11 whole grains for overall health
- Brown rice – Unlike white rice, brown rice retains more antioxidants, B vitamins, magnesium, and phosphorus. The latter includes brown aromatic varieties like basmati and jasmine rice. Other kinds of rice, like black and red rice, are also good options because they are full of antioxidants. Technically considered a grass, wild rice is also considered a whole grain that’s full of B vitamins like folate and niacin. It also has more fiber than white rice.
- Buckwheat – This whole grain is a good source of minerals like magnesium, which can improve nerve functioning, and manganese, which can boost brain power.
- Bulgur – Bulgur is considered a whole grain, even though at least five percent of its bran is removed during processing. The grain can be used to make tabbouleh salad, and it is rich in iron and magnesium. Bulgur also contains fiber and protein, and it can be added to salads or soups.
- Corn – Organic whole corn is good for you because it contains B vitamins, magnesium, and phosphorus. Studies show that it can even help boost healthy gut flora. Whole corn can also help prevent diabetes, heart disease, and chronic inflammation. Yellow corn is also full of antioxidants.
- Freekeh – Freekeh is an Arabic grain that’s the low-carb form of ancient wheat. It also has about four times more fiber than brown rice. Freekeh kernels are rich in vitamins and minerals like selenium. Once freekeh reaches your stomach, it acts as a prebiotic that stimulates the growth of healthy bacteria that is crucial for digestion. You can buy it in Middle Eastern markets, natural food stores, and online stores.
- Quinoa – Quinoa is technically a seed and not a grain, and it contains more protein than most grains. Quinoa, which also contains omega-3 fatty acids, has a light and nutty flavor.
- Whole-grain barley – In a United States Department of Agriculture (USDA) study, participants who regularly consumed half a cup of whole barley reported a 10 percent decrease in their cholesterol levels compared to those who didn’t eat the grain. Make sure you buy whole-grain barley instead of “pearled,” which doesn’t have any bran or germ.
- Whole oats – Oats are full of avenanthramide, an antioxidant that can help protect the heart. When buying oats, avoid products that have high-fructose corn syrup. Opt for the unsweetened kind and eat it with some fruit or honey.

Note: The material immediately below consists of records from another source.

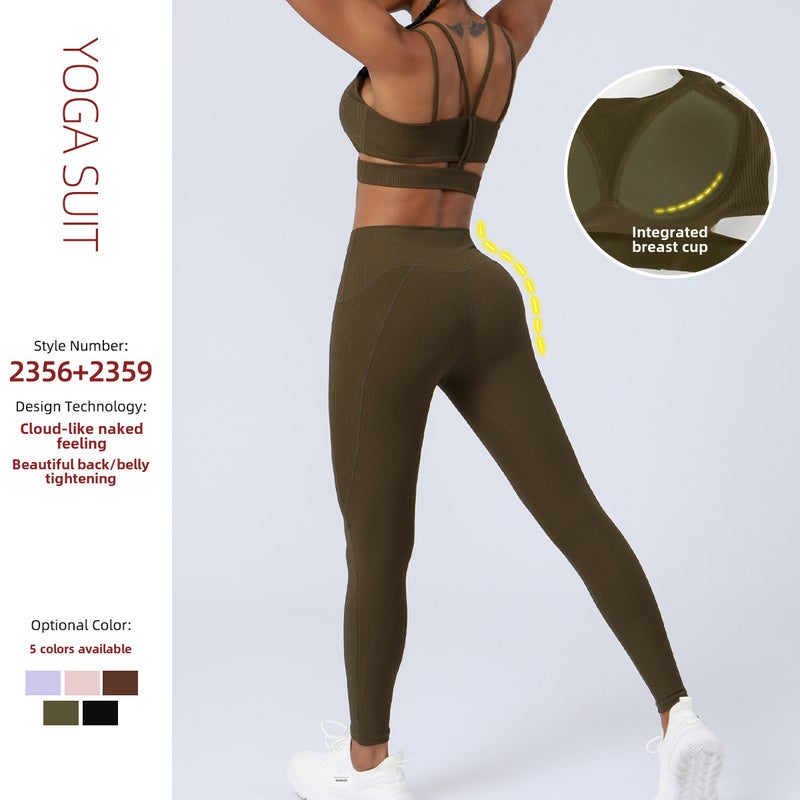 Nariele New Cloud Ribbed Yoga Set Womens Fitness Suit Black - Image 5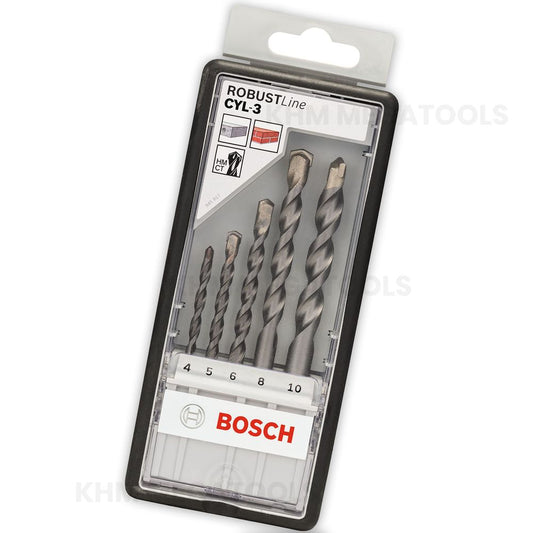 Bosch Robust Line Cyl-3 Masonry / Concrete Drill Bit Set 5pcs 4-10mm (4,5,6,8,10) [2607010524] | Bosch by KHM Megatools Corp.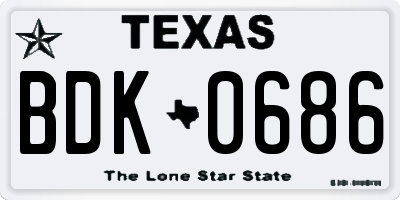 TX license plate BDK0686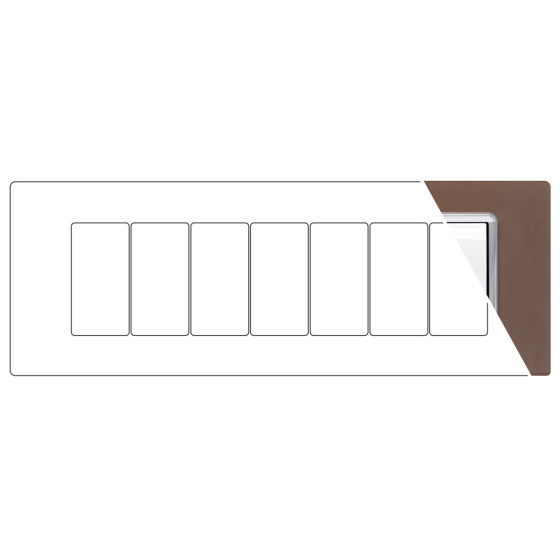 MAPAM Placca Vetro GEM 7P Bronzo - mod. 6007BL-7 - Compatibile con Vimar PLANA MAPAM Placca Vetro GEM 7P Bronzo - mod. 6007BL-7 - Compatibile con Vimar PLANA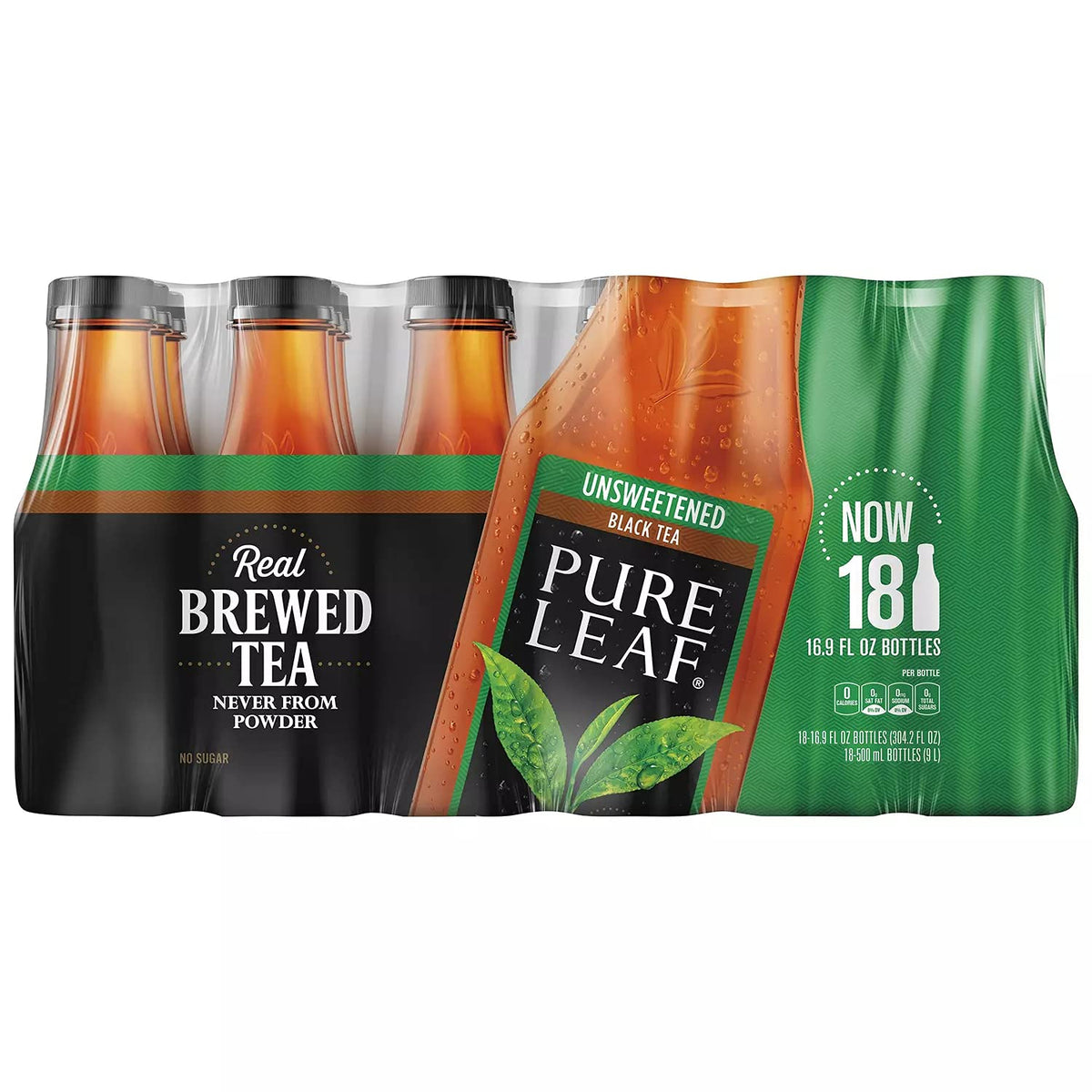 Pure Leaf Unsweetened Iced Real Brewed Tea - Never From Powder - By Gourmet Kitchn - 1 Box (16.9oz - 18 pk per Box), Total 18 Bottles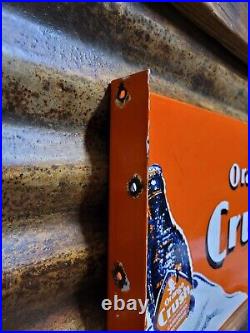 Vintage Orange Crush Porcelain Sign 20 Old Flange Soda Cola Beverage Drinkstore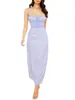 캐주얼 드레스 여성의 여름 프랑스 레트로 튜브 탑 보라색 서스펜더 드레스 플라워 프린트 얇은 어깨 끈 앞 넥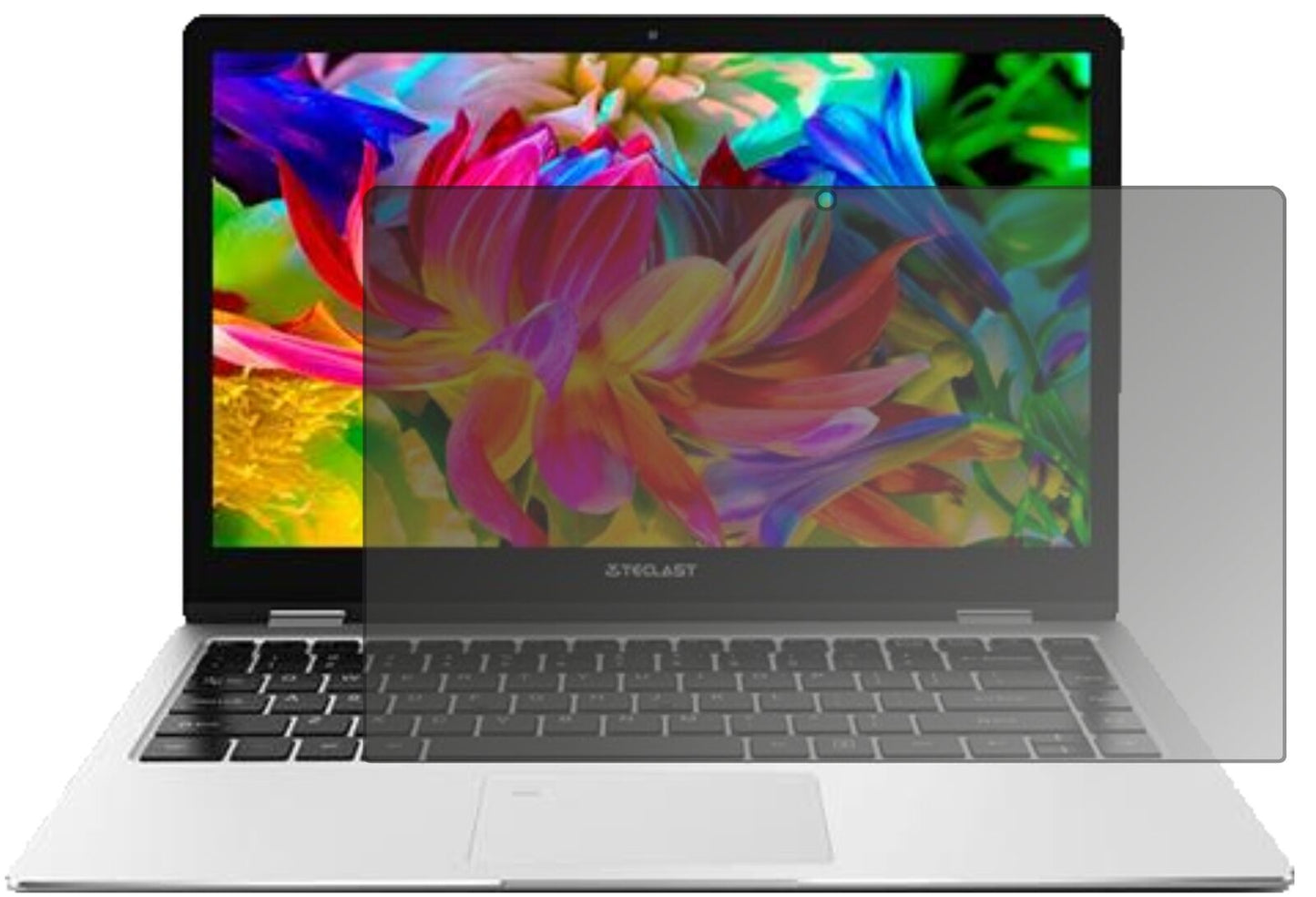 TeclastF6 Pro mit aufgebrachtem dipos Displayschutz, der seitliche Einblicke blockiert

- Whole rye – Unlike other whole grains, rye has more nutrients per 100-calorie serving. Whole rye also has four times more fiber than standard whole wheat. Rye can also provide you with almost half of your daily recommended amount of iron. When buying rye and pumpernickel bread in grocery stores, look for bread with “whole rye” in the ingredients list.
- Whole wheat – Not all products labeled “wheat” are whole wheat. When grocery shopping, choose bread and pasta with “100 percent whole wheat.” Whole grain must be near or at the top of the ingredients list. (Related: Which bread is right for you? Understanding the difference between whole grain, whole wheat, multigrain, and more.)
- Whole-wheat couscous – Whole-wheat couscous is available in natural-food stores and it contains five more grams of fiber per serving compared to the refined version.
If you want to start making healthier choices today, add some of these whole grains to your diet to improve your overall health.